====== Task material
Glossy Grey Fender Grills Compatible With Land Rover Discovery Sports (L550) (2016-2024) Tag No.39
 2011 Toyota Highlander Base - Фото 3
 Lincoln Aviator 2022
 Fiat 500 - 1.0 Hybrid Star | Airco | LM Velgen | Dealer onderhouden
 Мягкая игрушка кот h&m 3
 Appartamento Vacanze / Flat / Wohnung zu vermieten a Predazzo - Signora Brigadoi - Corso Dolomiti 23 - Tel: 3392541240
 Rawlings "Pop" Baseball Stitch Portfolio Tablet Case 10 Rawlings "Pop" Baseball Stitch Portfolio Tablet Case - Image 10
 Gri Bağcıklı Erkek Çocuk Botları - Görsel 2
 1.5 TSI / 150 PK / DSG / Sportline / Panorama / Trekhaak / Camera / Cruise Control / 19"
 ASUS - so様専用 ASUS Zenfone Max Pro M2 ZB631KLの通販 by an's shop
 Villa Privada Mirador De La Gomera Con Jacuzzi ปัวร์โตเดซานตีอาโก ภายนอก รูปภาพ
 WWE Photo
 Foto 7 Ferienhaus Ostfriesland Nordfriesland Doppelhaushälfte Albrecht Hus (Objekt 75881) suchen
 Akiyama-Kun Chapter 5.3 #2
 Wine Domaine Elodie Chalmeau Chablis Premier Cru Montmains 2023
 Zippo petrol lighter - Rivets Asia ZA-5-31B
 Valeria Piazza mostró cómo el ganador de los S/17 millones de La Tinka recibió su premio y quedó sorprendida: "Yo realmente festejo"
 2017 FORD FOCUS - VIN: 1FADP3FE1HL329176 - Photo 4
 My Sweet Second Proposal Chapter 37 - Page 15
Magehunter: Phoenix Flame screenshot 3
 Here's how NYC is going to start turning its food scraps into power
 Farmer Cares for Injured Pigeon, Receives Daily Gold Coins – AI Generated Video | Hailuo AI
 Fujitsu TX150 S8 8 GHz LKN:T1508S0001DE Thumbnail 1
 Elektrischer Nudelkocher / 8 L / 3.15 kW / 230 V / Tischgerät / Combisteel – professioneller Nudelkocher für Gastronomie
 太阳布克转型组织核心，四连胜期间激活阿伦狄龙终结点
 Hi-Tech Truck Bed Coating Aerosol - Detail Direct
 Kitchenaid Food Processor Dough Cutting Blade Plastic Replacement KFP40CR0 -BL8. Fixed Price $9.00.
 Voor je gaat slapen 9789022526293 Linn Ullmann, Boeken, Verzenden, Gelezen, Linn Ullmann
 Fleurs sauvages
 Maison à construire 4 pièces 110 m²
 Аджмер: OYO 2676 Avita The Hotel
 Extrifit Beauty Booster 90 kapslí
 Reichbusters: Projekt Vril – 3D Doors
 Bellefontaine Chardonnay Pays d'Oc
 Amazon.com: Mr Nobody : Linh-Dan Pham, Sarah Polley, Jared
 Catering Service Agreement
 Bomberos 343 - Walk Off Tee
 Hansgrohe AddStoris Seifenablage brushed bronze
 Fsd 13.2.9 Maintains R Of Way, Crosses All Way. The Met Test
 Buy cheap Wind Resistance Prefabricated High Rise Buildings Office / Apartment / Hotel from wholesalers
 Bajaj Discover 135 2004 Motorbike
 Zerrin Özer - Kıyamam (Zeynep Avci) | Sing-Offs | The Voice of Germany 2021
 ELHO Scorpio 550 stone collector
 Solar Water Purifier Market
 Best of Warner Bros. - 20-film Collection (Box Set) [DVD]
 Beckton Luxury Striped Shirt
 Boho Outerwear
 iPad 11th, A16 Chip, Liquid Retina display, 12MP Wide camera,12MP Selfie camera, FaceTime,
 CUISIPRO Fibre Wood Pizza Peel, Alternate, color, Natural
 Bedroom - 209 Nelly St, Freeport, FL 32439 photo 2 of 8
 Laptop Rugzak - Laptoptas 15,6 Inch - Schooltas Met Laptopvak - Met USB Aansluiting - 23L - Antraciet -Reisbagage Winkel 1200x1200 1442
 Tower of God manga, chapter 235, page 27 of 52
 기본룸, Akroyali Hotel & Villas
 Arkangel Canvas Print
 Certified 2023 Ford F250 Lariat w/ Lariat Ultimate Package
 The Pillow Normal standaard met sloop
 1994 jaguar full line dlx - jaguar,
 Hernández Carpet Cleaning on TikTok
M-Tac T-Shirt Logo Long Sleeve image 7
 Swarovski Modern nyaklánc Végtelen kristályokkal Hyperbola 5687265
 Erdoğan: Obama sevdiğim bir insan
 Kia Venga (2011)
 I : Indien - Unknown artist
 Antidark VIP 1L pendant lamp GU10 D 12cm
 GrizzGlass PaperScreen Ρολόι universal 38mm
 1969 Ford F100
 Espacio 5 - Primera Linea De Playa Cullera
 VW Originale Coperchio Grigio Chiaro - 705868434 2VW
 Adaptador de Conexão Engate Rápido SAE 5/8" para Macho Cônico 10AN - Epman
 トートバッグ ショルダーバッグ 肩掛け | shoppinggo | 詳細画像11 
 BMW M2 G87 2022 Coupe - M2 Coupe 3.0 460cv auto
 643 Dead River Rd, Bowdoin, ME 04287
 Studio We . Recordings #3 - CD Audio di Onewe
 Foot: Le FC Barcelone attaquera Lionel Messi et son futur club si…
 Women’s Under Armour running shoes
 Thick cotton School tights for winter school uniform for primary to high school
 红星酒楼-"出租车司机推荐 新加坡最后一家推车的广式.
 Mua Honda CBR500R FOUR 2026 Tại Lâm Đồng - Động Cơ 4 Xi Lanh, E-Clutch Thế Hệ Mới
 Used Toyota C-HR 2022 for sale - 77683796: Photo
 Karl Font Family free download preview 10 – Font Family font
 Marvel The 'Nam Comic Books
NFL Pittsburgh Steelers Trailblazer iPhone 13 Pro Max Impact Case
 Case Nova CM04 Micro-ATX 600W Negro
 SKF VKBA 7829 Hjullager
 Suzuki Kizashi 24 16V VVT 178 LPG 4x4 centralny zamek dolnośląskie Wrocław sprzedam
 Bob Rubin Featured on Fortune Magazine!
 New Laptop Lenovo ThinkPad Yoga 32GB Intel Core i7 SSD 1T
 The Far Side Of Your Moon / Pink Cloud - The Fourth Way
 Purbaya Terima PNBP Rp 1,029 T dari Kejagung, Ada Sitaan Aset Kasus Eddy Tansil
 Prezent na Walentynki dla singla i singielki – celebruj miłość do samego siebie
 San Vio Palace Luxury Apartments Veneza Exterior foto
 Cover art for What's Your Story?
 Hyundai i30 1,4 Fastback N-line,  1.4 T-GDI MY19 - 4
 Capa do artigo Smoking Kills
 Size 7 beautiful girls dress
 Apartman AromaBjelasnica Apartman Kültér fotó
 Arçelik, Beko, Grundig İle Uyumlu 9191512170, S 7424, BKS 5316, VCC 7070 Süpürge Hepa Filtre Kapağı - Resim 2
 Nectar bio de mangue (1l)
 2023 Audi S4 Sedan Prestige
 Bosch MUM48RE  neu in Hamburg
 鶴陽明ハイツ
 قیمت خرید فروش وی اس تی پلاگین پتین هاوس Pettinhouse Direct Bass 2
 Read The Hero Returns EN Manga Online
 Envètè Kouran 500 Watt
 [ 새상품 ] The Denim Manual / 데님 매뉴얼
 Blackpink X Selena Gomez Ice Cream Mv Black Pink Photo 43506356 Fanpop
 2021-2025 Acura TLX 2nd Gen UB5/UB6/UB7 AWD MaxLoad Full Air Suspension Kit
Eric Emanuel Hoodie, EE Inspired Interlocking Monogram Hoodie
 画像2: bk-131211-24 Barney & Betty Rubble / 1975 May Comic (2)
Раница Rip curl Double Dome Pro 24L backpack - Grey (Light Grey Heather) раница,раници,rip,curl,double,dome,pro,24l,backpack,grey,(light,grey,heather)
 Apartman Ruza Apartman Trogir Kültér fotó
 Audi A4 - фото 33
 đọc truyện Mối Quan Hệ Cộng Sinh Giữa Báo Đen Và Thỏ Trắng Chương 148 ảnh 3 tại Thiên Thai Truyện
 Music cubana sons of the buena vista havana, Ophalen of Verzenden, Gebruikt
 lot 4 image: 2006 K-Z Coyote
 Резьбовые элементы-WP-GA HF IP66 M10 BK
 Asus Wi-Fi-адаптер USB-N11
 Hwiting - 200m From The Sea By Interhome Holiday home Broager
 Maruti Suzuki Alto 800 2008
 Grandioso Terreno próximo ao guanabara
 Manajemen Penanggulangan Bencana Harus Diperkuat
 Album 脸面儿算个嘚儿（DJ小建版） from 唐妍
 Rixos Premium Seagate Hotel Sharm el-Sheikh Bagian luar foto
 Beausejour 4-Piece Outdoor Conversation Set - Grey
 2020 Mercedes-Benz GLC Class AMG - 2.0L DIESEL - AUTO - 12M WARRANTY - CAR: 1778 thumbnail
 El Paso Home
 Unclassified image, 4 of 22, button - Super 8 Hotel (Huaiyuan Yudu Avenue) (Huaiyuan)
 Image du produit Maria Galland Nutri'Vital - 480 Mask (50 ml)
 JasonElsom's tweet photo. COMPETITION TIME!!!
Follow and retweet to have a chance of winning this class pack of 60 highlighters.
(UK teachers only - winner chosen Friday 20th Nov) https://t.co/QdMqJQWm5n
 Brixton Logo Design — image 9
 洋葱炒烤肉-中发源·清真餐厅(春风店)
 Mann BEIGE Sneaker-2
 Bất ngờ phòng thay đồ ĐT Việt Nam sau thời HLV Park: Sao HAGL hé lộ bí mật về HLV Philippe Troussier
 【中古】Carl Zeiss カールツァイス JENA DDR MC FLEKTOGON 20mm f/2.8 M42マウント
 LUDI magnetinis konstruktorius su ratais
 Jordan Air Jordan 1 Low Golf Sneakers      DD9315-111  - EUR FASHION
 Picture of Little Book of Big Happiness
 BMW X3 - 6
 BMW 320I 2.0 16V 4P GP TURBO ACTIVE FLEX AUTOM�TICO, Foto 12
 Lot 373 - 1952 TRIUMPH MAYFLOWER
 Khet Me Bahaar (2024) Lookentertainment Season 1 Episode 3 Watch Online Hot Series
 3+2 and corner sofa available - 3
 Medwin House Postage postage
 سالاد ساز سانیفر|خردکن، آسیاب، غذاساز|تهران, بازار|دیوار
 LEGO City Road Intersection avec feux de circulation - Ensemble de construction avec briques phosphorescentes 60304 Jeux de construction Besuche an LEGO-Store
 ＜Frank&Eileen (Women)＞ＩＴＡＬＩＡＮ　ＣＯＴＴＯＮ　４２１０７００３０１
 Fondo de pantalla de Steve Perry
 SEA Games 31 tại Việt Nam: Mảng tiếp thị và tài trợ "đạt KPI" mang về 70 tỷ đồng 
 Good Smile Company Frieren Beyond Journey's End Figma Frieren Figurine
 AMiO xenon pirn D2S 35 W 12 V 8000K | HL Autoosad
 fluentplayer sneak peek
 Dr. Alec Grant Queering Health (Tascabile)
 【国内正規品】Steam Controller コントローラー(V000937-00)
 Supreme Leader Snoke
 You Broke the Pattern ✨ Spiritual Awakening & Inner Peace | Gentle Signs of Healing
============
> _Task objective_: Can you write out the lines above, from the first one through the one containing "Appartamento Vacanze /", exactly as they appear and nothing more?

> _Task response_:
Glossy Grey Fender Grills Compatible With Land Rover Discovery Sports (L550) (2016-2024) Tag No.39
 2011 Toyota Highlander Base - Фото 3
 Lincoln Aviator 2022
 Fiat 500 - 1.0 Hybrid Star | Airco | LM Velgen | Dealer onderhouden
 Мягкая игрушка кот h&m 3
 Appartamento Vacanze / Flat / Wohnung zu vermieten a Predazzo - Signora Brigadoi - Corso Dolomiti 23 - Tel: 3392541240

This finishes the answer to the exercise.